Not because they don’t want to help, they just don’t feel confident doing it. They’re worried it’ll come across the wrong way or land badly, so they stay quiet.
But feedback doesn’t need to be this big, scary thing. In fact, the most meaningful feedback happens in the moment. When someone does something really great or when there’s a small opportunity to tweak something next time.
This is what I advocate for: micro feedback that’s just in time, specific, and focused on behaviour, not personality.
It sounds more like saying: “That worked well, and maybe next time you could build on it by doing X.”
And then you start hearing things like: “Yeah, that went pretty well. But actually, now that I think about it, I probably could’ve handled that bit differently.”

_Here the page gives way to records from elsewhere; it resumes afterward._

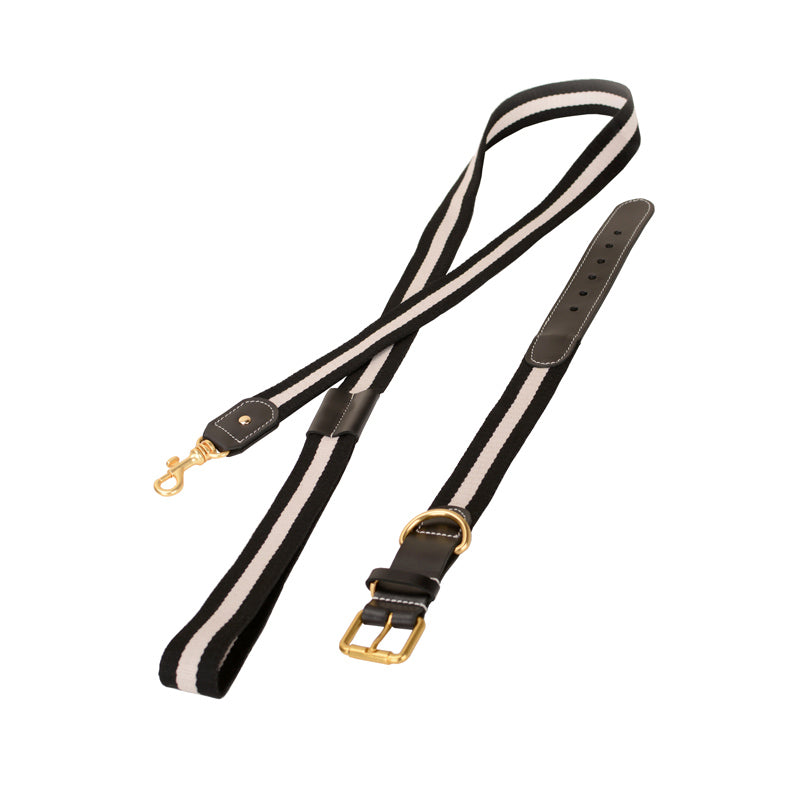 Dog Collar Woven Pet Collar Traction Rope Super Wide Medium Dog Large Dog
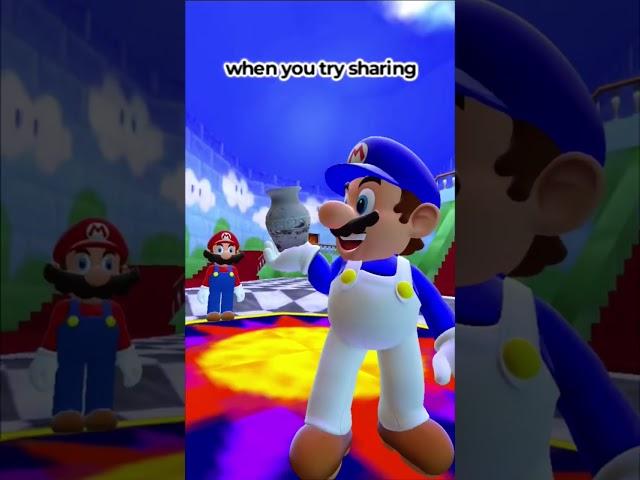 When u try sharing :credits to SMG4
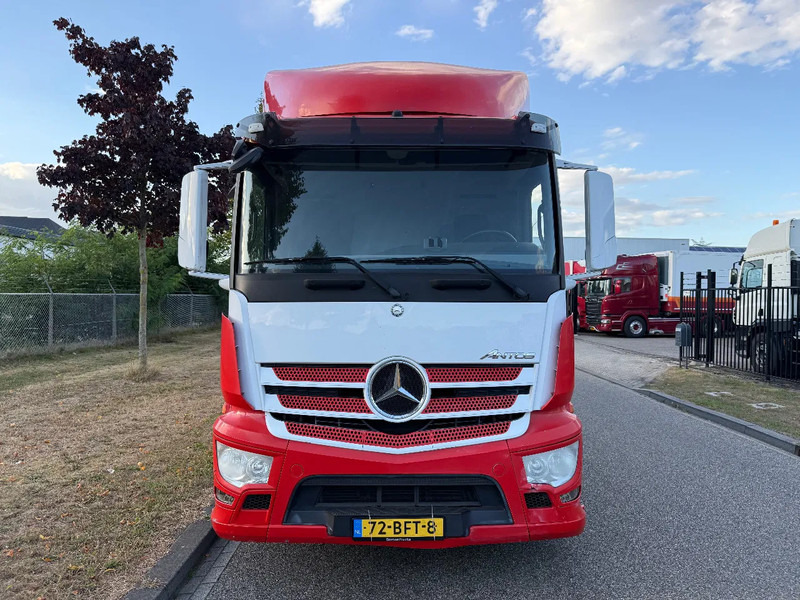 Mercedes-Benz Antos 2027 LL - بصندوق مغلق شاحنة: صور 3 Mercedes-Benz Antos 2027 LL - بصندوق مغلق شاحنة: صور 3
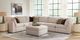 Bassett® Furniture Beckham Beige Armless Chair-0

It’s not just about what you say. It’s about what the other person starts to notice in themselves. This is the mindset we want to nurture. Where people are constantly reflecting, asking, “how could I improve this next time?” Not because they’ve been told to, but because they want to.
That’s when feedback becomes part of the culture. It’s not personal, it’s not dramatic – it’s just learning. And when we’re generous with praise too (praise five times more than critique!), teams start to feel safe, motivated and genuinely open to growth.
So if you’re sitting there wondering where to start…remember it’s not a big system.
Maybe think of this four-step process: feedback, in the moment, framed with care, and given often.